**Dataset excerpt**.
········

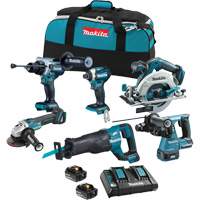 LXT Brushless 6 Tool Combo Kit, Lithium-Ion, 18 V Duraquip Inc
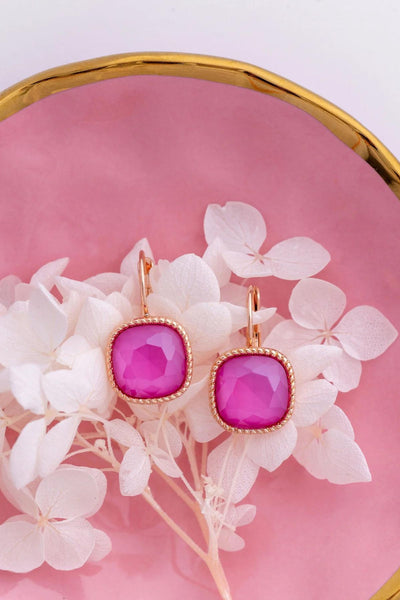 Jolie Earrings - Peony Pink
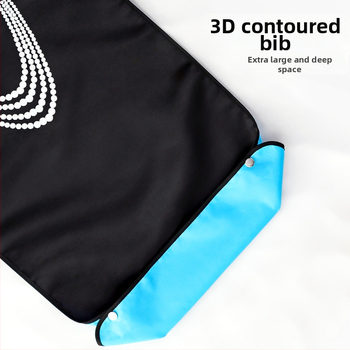 Μπιμπ φαγητού για ηλικιωμένους — αδιάβροχο, ανθεκτικό σε λαδώσεις, σατέν/PU ύφασμα, πολυεστέρας, ποικιλία σχεδίων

········

**Exercise brief**. Please print the listing above again word for word, without its pictures.

**Worked solution**.
 LXT Brushless 6 Tool Combo Kit, Lithium-Ion, 18 V Duraquip Inc
 Jolie Earrings - Peony Pink
 Μπιμπ φαγητού για ηλικιωμένους — αδιάβροχο, ανθεκτικό σε λαδώσεις, σατέν/PU ύφασμα, πολυεστέρας, ποικιλία σχεδίων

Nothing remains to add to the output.